How movies externalize emotions to enamour audiences


The year is 2000, and if you’re a kid during this time, that means one thing: You’re probably snacking on Scooby-Doo gummies and watching the newest hit movie, “The Emperor's New Groove.” 

But as we mindlessly munched on snacks and laughed at this emperor-turned-llama, we didn't realize we were being accustomed to a movie technique we see in some of the best flicks — the externalizing of emotions. 

In “The Emperor's New Groove,” the emperor went through a personal transformation, but not in the way people typically do. Mark Dindal, director of the film, chose to show Emperor Kuzco’s evolution and karmic predicament by introducing a physical, unavoidable quandary for the Emperor: turning him into a llama. 

“The Emperor's New Groove” is a perfect example of how films give a physical form to a character's emotions and experiences. Movies and television both do this regularly, often conveying emotions like melancholy, fear and joy through tangible elements, i.e, secondary characters or mythological phenomena. 

There is an array of present-day examples we can look at. Take for example the children's movie, “Inside Out” (2015) or the new Netflix series, “Living with Yourself” (2019). 

“Inside Out” is one of the greatest and most creative examples of this practice in which Pete Docter, the director, created a world where every person had five people in their heads who sat in a control panel and had control of one’s emotions. The characters inside of one’s brain are named after their respective emotions: disgust, fear, sadness, joy and anger. 

The emotions had personalities of their own, collaborating with each other to solve problems and vying for jurisdiction over how to approach a situation. In fact, it was these characters that made the movie what it was. 

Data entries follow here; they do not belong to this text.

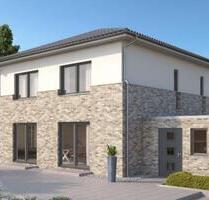 Moderne Stadtvilla in Hamm-Berge –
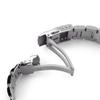 MiLTAT 20mm Super-O Watch Band compatible with Seiko Sumo SBDC001 SBDC003 SBDC031 SBDC081 view 4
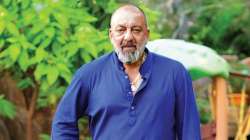 Sanjay Dutt diagnosed with lung cancer; Yuvraj Singh and other celebrities believe he can fight this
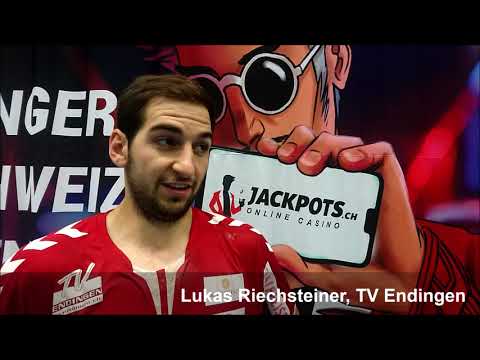 Vorschau Wacker Thun - TV Endingen 21.9.2019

On the surface level, “Inside Out” is about a young girl who begins to act out and finds herself often feeling angry and sad as she and her parents move to San Francisco. Docter could have chosen to tell the story in that manner, but we have all seen at least five movies about kids transitioning after moving. 

The technique of externalizing emotions is used often due to its power. It adds allure to stories just as much as it makes us feel the emotions of the characters even stronger, in a way acting on its own can’t. 

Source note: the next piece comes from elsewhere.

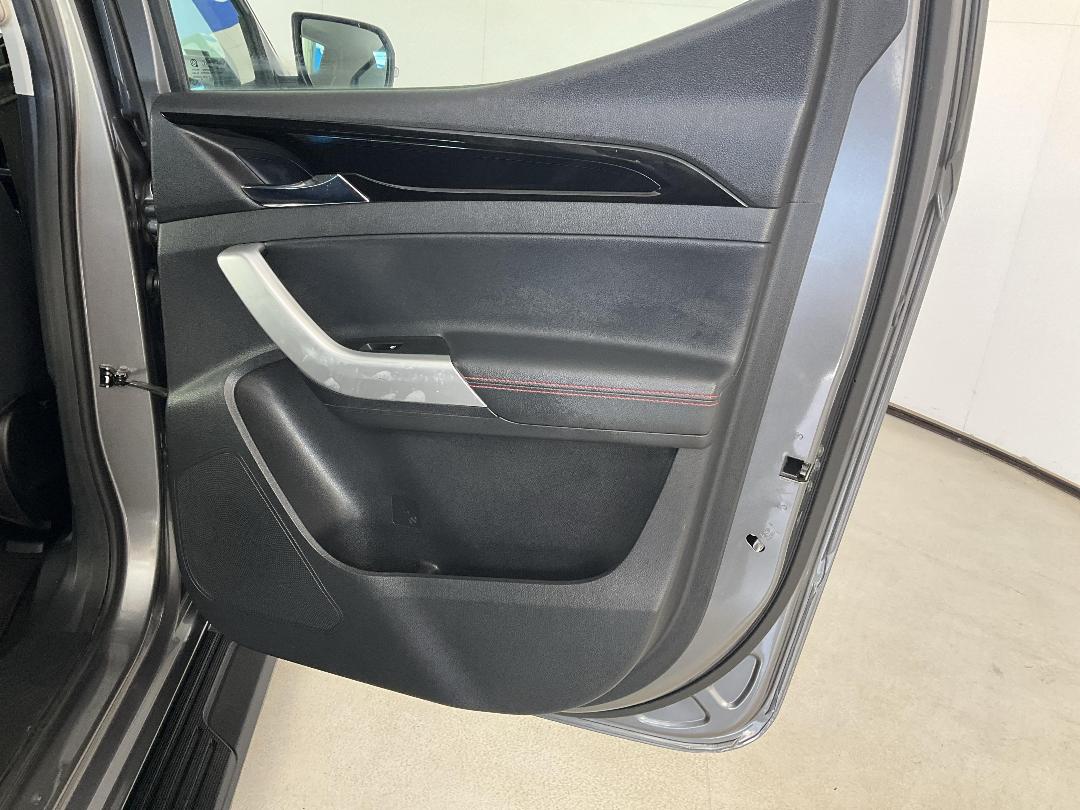 Photo '19' of LDV T60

Docter did just that, not only giving us a storyline to follow, but also helping us gain a new perspective on the issue at hand, in a fun and insightful way. 

Similarly, the new series, “Living with Yourself,” chronicles a man (Paul Rudd) who goes to a special doctor who promises to make him the best version of himself. When he wakes up, he finds that he is still himself, but now, he has a clone that is a perfect version of himself running around the world. 

In this series, the best and worst versions of the character come to life in a physical way as viewers get to see both versions of the same person literally separated. 

Similarly, movies like the iconic Wes Anderson film, “The Royal Tenenbaums,” and the 2009 cult classic, “500 Days of Summer,” use this practice constantly with their use of color and unrealistic scenarios, i.e., coincidentally raining when a character is sad.

The greatest example in “500 Days of Summer” happens after the first sex scene. Tom is over the moon, beaming, as he walks down the street. Everyone and everything is beautiful, he greets everyone he passes and eventually everyone erupts into a flash mob to the song “You Make My Dreams.” But when Tom’s relationship doesn't work out, the world is grey, rainy and void of flash mobs. 

I can go on, and you can too, thinking about all the movies and shows that depict very real emotions by introducing unrealistic elements to their stories. It’s a misconception to think that this technique shows a weakness on an actor's part, or that it is a lazy move on the director’s part. 

No one needs to spell out to us that the externalization of emotions isn't realistic. We don’t have an angel and devil on our shoulders whenever we have a moral conflict, five little people in our heads controlling how we feel or a flash mob in the street every time we have sex. 

But we can all agree that if movies were 100% identical to real life, we wouldn't watch them. 

You need to add an element on the screen that conveys an emotion to the audience in a bold and overemphasized manner, and oftentimes, that is best achieved by emotions taking on a physical form of their own.